There are so many headwinds confronting the U.S. consumer it’s not even funny. For a look at the new harsh reality of soaring usage of grocery vouchers, as well as other supplements to the household budget, have a look at the grim article on page 2 of the weekend FT (Families Take Up Food Stamps as Wages Shrink). On the very same page, there is an article on the latest trend in terms of 21st-century breadlines — Middle Classes Turn to Car Park Handouts. To think we still get asked why we aren’t more bullish over the outlook for spending. Truly amazing.

TREMENDOUS UNDEREMPLOYMENT

The U.S. economy is actually 9.4 million jobs short of being anywhere remotely close to being fully employed, which is why any inflation that can somehow be created by the Fed is simply going to be unsustainable noise along a fundamental downtrend in pricing power. After last Friday’s report, we have now lost 6.9 million positions that have been cut during this recession and we have to count in the additional 2.5 million jobs that need to be created — but never were — just to absorb the new entrants into the labour market. The ‘real’ unemployment rate is now 16.8%, so to suggest that this down-cycle was anything but a depression is basically a misrepresentation of the facts.

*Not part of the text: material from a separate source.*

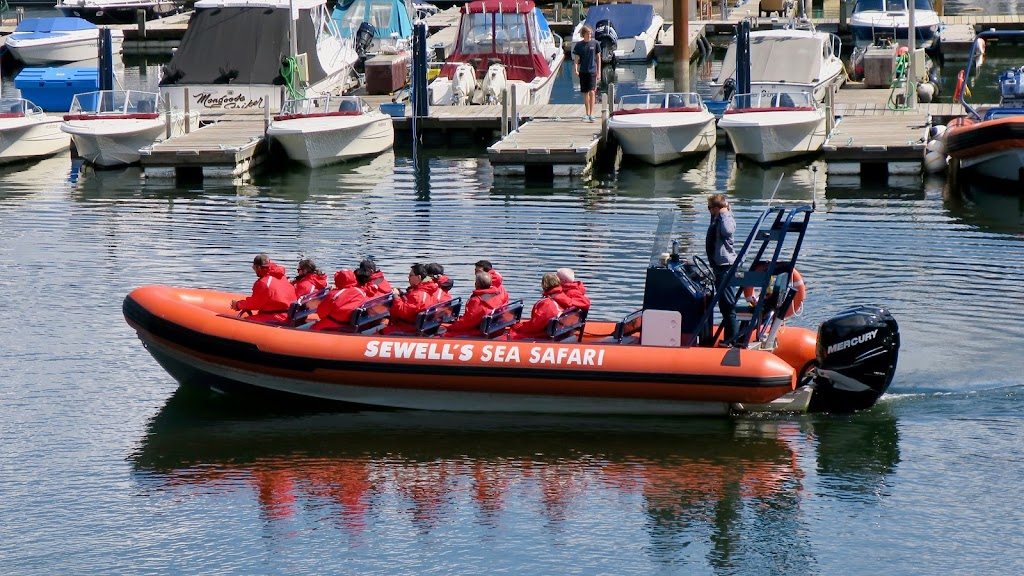 Sewells Marina | 6409 Bay St, West Vancouver, BC V7W 3H5, Canada | Phone: (604) 921-3474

MONEY AND CREDIT AGGREGATES ARE NOW DEFLATING

It is interesting that the equity market has begun to wobble (fade last Friday’s rally on such low volume) because we have noticed that some key liquidity indicators are not behaving very well, all of a sudden. M1 fell 1.0% in the August 24th week and over the past four weeks is down at a 6.5% annual rate. M2 has contracted in each of the past four weeks too and over that time has slipped at a 12.2% annualized pace, which is a near-record decline. We see the same trend in the broad MZM money measure — off at a 15.8% annual rate over the past month. Bank credit also remains in a fundamental downtrend — contracting at an epic 9% annualized pace over the past four weeks.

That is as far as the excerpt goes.